INFO: Uvicorn running on http://0.0.0.0:8000 (Press CTRL+C to quit)
You can test this by curling the the API
!curl http://localhost:8000/v1
and should get this response if you setup an API key
{"error":"Unauthorized"}
Below is the last cell to run, run this and chat with Deepseek. Replace the content with whatever you want.
from openai import OpenAI
client = OpenAI(
base_url="http://localhost:8000/v1",
api_key="chinamodelgood"
)
completion = client.chat.completions.create(
model="deepseek-ai/DeepSeek-R1-Distill-Qwen-1.5B",
messages=[{"role": "user", "content": "what is deepseek and what is its goal for being open source"}],
temperature=0.7,
max_tokens=1000
)
print(completion.choices[0].message.content)
Next steps ➡️
This is a barebones framework on how to get started with vLLM. To improve this you can do the following:
Use Quantization
Quantization models are models that are reduces significantly in size but the performance only drops off up to 5%. Its also allows for faster inference times and more efficient memory usage(great for less powerful hardware).
When to Avoid Quantization ⚠️
1.Research requiring maximum model accuracy
2.Complex mathematical computations where precision is crucial
3.Using custom models without proper quantization support, testing and validation
For most production use cases (chat, summarization, RAG), the benefits of quantization far outweigh the small accuracy tradeoffs. Always A/B test quantized vs original models for your specific workload!
Add streaming
To chat continuously, introduce streaming with stream=True
.
If you made it this far, that means you are actually interested in learning. Below is a code snippet to continously chat with Deepseek.
import os
from openai import OpenAI
import time
# Initialize client for vLLM server
client = OpenAI(
base_url="http://localhost:8000/v1",
api_key="chinamodelgood"
)
def stream_with_cot(prompt):
"""Stream response with visible chain of thought"""

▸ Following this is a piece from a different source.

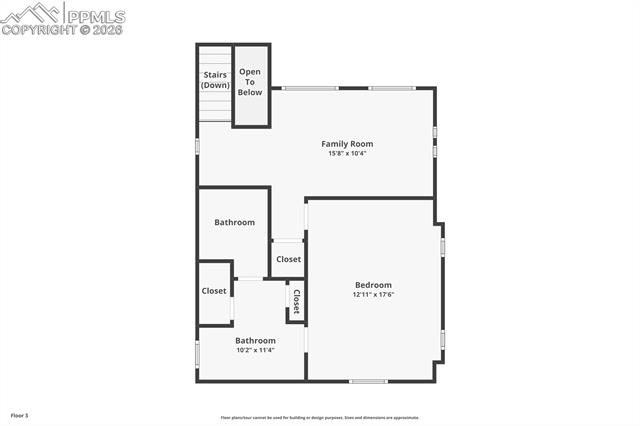 MLS Image for 5872  Thurless  ,Colorado Springs, Colorado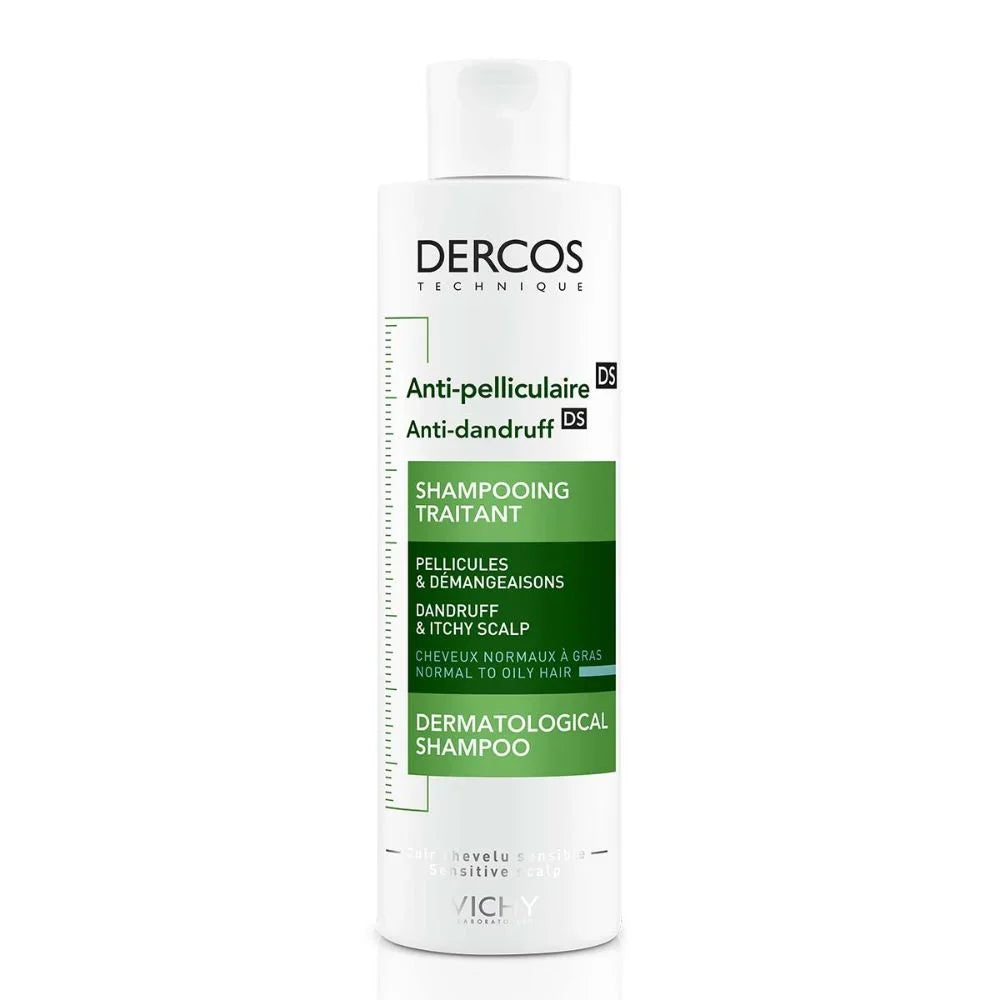 Šampon protiv peruti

response = client.chat.completions.create(
model="deepseek-ai/DeepSeek-R1-Distill-Qwen-1.5B",
messages=[
{"role": "system", "content": "Think step-by-step. First explain your reasoning, then provide the final answer. Always begin with 'Let me think...'"},
{"role": "user", "content": prompt}
],
temperature=0.7,
max_tokens=500,
stream=True
)
full_response = []
print("\nAssistant: ", end="", flush=True)
for chunk in response:
if chunk.choices[0].delta.content:
token = chunk.choices[0].delta.content
# Print token immediately for streaming effect
print(token, end="", flush=True)
full_response.append(token)
# Add slight delay to simulate "thinking"
time.sleep(0.02)
return ''.join(full_response)
# Example usage
if __name__ == "__main__":
while True:
user_input = input("\nYou: ")
if user_input.lower() in ["exit", "quit"]:
break
print("\nThinking...", end="\r") # Show thinking status
stream_with_cot(user_input)
print("\n") # Add spacing between exchanges
Add Evals
Evaluate and benchmark the performance, such as latency, throughput. Add logging where necessary.